→ Records supplied
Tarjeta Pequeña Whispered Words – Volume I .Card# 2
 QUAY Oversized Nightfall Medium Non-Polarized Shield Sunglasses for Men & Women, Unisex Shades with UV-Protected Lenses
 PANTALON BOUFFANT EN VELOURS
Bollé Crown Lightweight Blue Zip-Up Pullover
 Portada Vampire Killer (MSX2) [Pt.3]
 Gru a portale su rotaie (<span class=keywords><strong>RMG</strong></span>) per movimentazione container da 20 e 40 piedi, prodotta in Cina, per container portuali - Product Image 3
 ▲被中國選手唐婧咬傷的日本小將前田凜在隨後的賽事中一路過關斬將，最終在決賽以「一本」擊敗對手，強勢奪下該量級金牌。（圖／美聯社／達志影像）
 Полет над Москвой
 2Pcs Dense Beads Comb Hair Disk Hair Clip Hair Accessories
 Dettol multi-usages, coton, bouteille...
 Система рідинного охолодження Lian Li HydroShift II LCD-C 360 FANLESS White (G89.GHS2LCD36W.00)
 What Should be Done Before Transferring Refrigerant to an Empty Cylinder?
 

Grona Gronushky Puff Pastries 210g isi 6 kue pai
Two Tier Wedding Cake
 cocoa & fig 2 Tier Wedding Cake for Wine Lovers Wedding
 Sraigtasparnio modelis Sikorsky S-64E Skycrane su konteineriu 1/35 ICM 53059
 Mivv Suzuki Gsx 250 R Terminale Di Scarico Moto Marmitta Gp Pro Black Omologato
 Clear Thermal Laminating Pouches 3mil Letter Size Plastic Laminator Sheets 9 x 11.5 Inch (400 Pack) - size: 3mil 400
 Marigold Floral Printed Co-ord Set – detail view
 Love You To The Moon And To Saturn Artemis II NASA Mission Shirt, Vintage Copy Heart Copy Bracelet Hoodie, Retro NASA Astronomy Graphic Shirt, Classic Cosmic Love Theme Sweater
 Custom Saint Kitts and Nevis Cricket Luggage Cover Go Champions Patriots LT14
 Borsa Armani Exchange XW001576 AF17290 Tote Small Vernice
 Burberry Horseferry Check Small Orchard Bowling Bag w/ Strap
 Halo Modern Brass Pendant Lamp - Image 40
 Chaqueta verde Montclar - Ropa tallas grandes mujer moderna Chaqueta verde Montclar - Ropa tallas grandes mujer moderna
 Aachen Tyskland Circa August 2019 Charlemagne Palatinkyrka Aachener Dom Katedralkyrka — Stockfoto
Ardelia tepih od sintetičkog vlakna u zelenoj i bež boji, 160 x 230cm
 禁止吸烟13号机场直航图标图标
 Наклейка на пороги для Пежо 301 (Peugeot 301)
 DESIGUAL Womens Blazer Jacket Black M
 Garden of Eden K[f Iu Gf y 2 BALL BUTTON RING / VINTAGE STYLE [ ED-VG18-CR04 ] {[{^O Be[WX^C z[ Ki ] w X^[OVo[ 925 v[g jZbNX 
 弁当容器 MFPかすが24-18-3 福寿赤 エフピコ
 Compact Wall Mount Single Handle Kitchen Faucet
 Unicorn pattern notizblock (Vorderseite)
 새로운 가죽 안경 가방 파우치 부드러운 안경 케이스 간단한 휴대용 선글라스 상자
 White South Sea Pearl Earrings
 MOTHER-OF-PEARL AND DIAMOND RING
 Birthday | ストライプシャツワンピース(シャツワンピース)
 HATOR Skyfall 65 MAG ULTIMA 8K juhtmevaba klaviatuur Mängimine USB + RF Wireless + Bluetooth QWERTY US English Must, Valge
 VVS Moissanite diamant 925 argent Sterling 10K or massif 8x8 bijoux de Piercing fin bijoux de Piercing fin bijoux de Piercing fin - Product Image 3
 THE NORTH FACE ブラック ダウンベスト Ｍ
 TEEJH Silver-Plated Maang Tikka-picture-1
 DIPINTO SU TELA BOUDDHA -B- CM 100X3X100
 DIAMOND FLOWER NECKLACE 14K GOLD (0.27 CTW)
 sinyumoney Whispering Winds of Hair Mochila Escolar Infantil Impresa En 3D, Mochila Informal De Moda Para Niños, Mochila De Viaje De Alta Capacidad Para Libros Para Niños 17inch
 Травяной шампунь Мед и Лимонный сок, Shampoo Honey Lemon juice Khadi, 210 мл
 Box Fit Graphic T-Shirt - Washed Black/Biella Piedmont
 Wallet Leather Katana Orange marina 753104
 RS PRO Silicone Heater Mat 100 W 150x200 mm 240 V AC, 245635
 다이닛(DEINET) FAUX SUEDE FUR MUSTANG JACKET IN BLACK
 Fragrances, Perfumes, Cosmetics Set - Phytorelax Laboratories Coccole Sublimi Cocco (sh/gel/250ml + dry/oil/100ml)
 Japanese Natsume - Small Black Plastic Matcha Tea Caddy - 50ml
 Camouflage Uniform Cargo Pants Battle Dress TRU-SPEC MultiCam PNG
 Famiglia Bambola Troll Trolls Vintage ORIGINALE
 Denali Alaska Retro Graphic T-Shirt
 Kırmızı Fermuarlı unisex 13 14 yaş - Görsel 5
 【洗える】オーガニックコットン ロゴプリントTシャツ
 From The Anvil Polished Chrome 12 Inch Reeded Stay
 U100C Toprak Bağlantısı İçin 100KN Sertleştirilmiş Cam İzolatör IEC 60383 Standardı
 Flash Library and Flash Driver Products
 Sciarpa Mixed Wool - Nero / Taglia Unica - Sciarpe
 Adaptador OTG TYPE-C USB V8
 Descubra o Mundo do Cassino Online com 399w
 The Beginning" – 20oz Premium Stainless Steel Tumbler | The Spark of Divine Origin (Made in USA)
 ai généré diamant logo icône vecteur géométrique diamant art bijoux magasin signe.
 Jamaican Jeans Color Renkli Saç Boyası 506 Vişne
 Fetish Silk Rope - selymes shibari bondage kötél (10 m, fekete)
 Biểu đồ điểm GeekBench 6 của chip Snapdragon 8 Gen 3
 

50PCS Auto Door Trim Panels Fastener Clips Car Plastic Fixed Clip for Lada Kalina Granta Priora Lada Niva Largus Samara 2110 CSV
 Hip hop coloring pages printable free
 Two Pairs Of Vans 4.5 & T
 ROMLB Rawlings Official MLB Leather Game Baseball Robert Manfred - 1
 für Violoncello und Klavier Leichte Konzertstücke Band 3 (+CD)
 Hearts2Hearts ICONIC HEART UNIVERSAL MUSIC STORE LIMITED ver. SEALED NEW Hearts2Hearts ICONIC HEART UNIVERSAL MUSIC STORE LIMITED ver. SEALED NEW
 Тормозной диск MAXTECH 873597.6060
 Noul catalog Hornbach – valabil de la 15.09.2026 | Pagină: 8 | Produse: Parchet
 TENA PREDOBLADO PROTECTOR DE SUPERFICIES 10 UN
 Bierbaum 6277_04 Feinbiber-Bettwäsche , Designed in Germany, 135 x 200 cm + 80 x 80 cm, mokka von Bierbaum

→ Activity
Please say how many lines in the entries hold the string "Plastic". Give only the number.

→ Task output
3